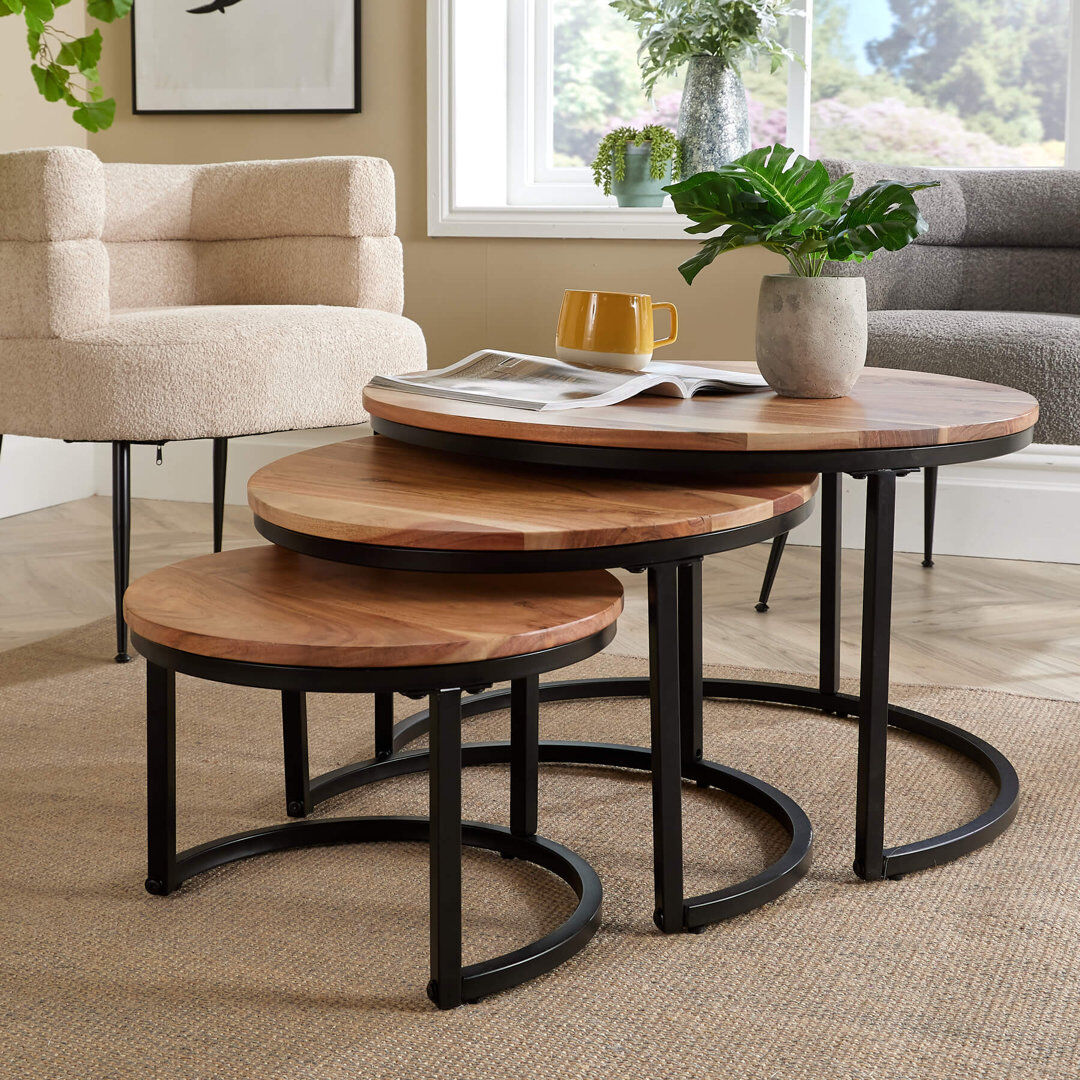 Borough Wharf Aimme Nest of 3 Round Coffee Side Tables Natural Wood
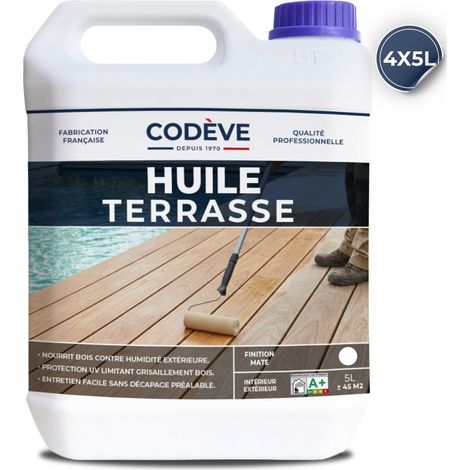 Huile Bois Terrasse - 4x5 L - Codeve Bois - Merisier - Pour La Protection D'un Bord De Piscine, Terrasse Ou Caillebotis En Bois.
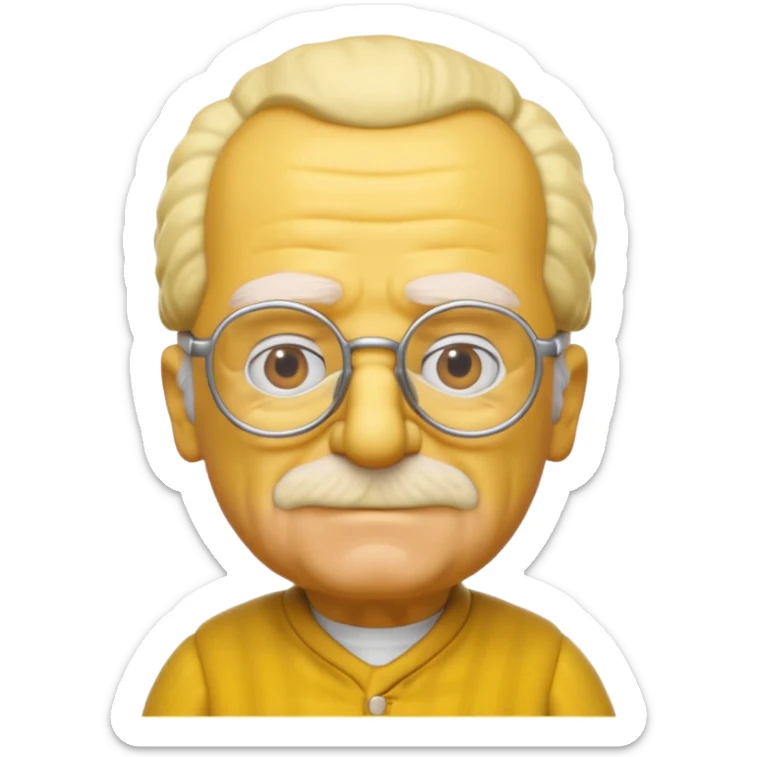 A 3D cartoon close-up of Grandpa Abe Simpson from The Simpsons, rendered in Memoji-style with bald yellow head, white tufts of hair on the sides, wrinkled face, glasses, and warm lighting. Match the Simpsons family color tone and style, yellow dress. sticker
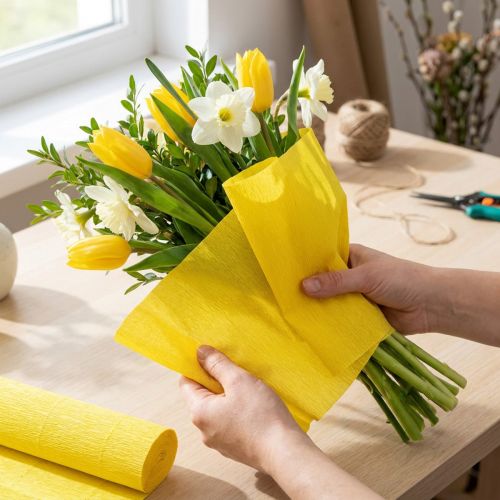 Florist Crepe Paper Yellow 50x250cm | Floristik24.co.uk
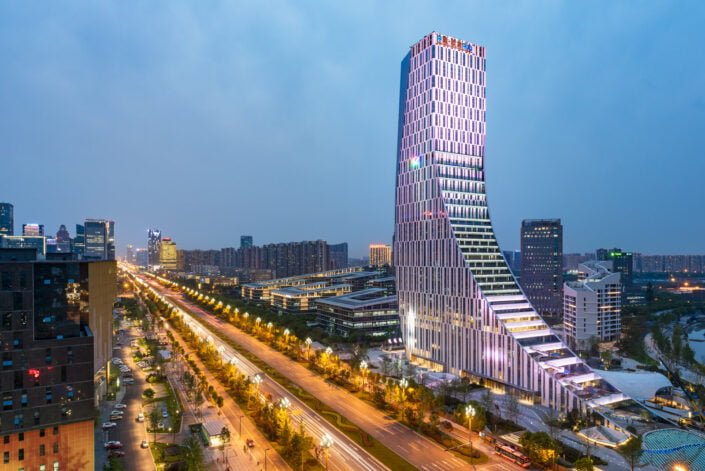 Chengdu CCEC (Business Innovation Center for China-Europe Cooperation) building in software park at night, Sichuan Province, China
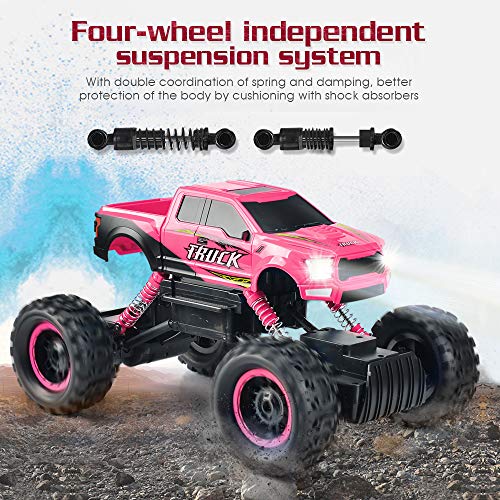 DOUBLE E Remote Control Car for Girls 1/12 Scale Monster Trucks Dual Motors Off Road RC Trucks, Girls Toys Gifts for Girls Daughter Kids, Birthday Gift Ideas, Pink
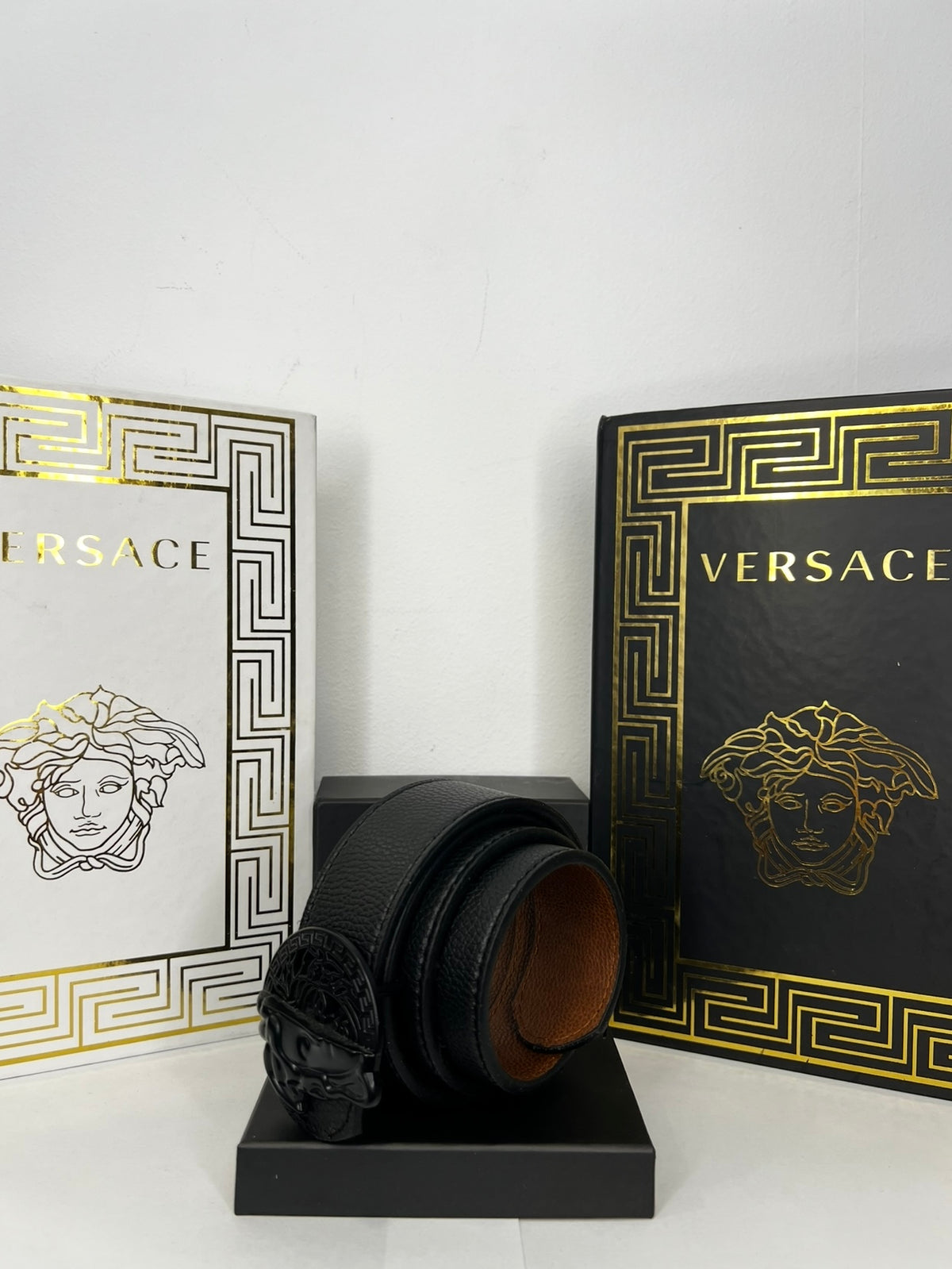 Δερμάτινη Ζώνη Versace DoubleFace Black/Brown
━━━━━━━━
DESCRIPTION OF THE TASK -> Would you reproduce each line of the material exactly, omitting the images?

RESPONSE AREA ->
 Borough Wharf Aimme Nest of 3 Round Coffee Side Tables Natural Wood
 Huile Bois Terrasse - 4x5 L - Codeve Bois - Merisier - Pour La Protection D'un Bord De Piscine, Terrasse Ou Caillebotis En Bois.
 A 3D cartoon close-up of Grandpa Abe Simpson from The Simpsons, rendered in Memoji-style with bald yellow head, white tufts of hair on the sides, wrinkled face, glasses, and warm lighting. Match the Simpsons family color tone and style, yellow dress. sticker
 Florist Crepe Paper Yellow 50x250cm | Floristik24.co.uk
 Chengdu CCEC (Business Innovation Center for China-Europe Cooperation) building in software park at night, Sichuan Province, China
 DOUBLE E Remote Control Car for Girls 1/12 Scale Monster Trucks Dual Motors Off Road RC Trucks, Girls Toys Gifts for Girls Daughter Kids, Birthday Gift Ideas, Pink
 Δερμάτινη Ζώνη Versace DoubleFace Black/Brown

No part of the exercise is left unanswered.